┏━━
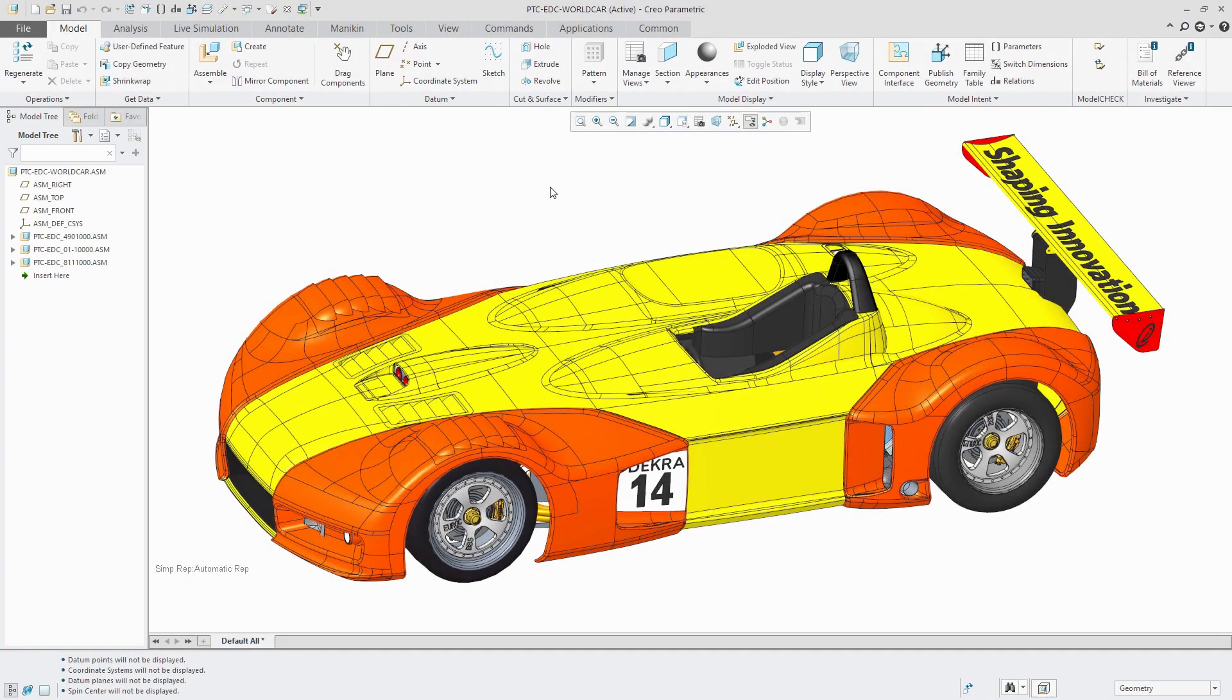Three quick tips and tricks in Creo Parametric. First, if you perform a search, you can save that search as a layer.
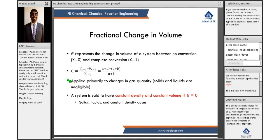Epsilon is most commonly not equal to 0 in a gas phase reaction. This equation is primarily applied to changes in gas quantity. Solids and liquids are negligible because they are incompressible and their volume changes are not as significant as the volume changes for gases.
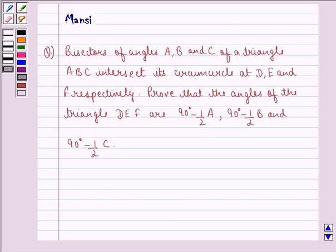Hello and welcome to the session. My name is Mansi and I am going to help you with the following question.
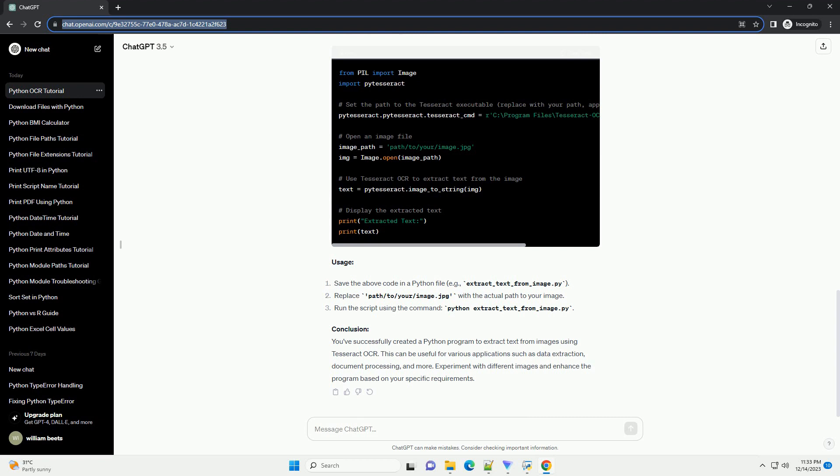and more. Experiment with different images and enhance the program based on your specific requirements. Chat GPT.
┗━━
┏━━
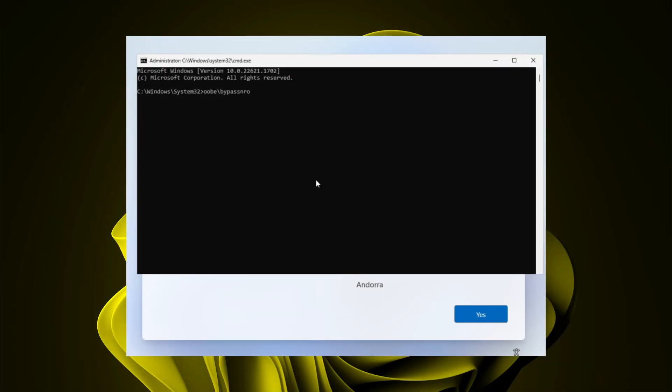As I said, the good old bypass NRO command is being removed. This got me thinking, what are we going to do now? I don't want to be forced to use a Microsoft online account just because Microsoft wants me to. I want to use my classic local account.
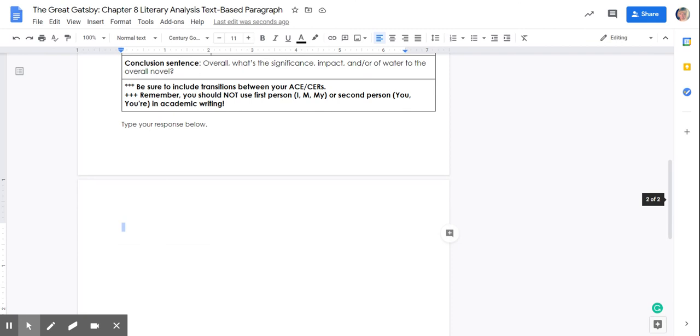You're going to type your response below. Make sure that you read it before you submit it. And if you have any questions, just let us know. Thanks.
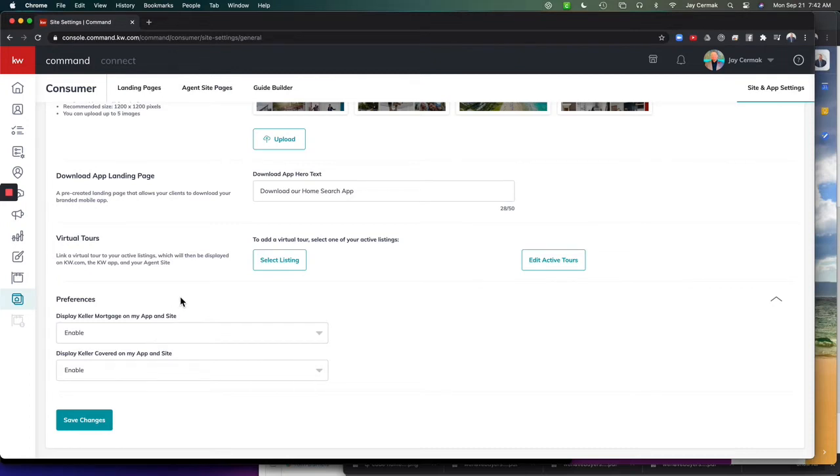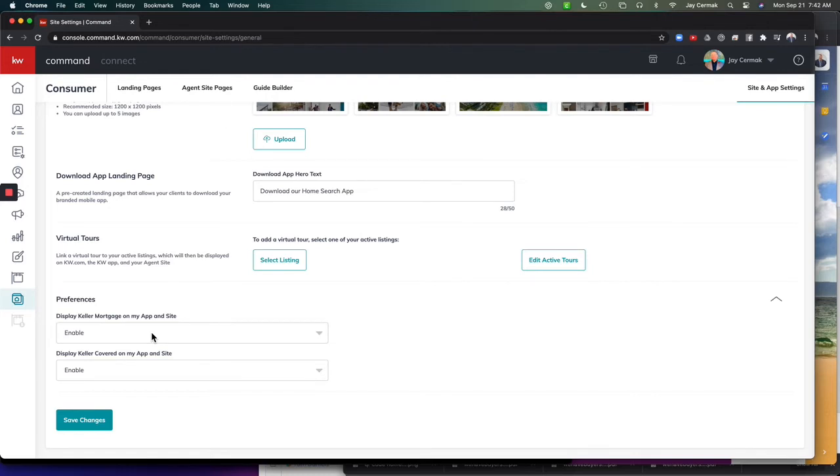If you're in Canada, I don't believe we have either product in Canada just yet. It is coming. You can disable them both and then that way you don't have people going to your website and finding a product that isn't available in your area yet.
┗━━
┏━━
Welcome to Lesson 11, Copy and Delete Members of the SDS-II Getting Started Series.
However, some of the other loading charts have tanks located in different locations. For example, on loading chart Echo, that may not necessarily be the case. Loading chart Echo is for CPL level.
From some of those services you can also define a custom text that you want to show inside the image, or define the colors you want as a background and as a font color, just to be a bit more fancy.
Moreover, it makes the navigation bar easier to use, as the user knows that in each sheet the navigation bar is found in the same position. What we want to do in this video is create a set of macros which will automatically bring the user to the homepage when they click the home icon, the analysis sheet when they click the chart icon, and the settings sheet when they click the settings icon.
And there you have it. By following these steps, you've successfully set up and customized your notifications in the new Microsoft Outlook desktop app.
┗━━
Above are some records; extract exactly the lines from the one containing "Three quick tips" through the one containing "and more. Experiment" and drop the pictures.

#### [Solution to this task]
Three quick tips and tricks in Creo Parametric. First, if you perform a search, you can save that search as a layer.
Epsilon is most commonly not equal to 0 in a gas phase reaction. This equation is primarily applied to changes in gas quantity. Solids and liquids are negligible because they are incompressible and their volume changes are not as significant as the volume changes for gases.
Hello and welcome to the session. My name is Mansi and I am going to help you with the following question.
and more. Experiment with different images and enhance the program based on your specific requirements. Chat GPT.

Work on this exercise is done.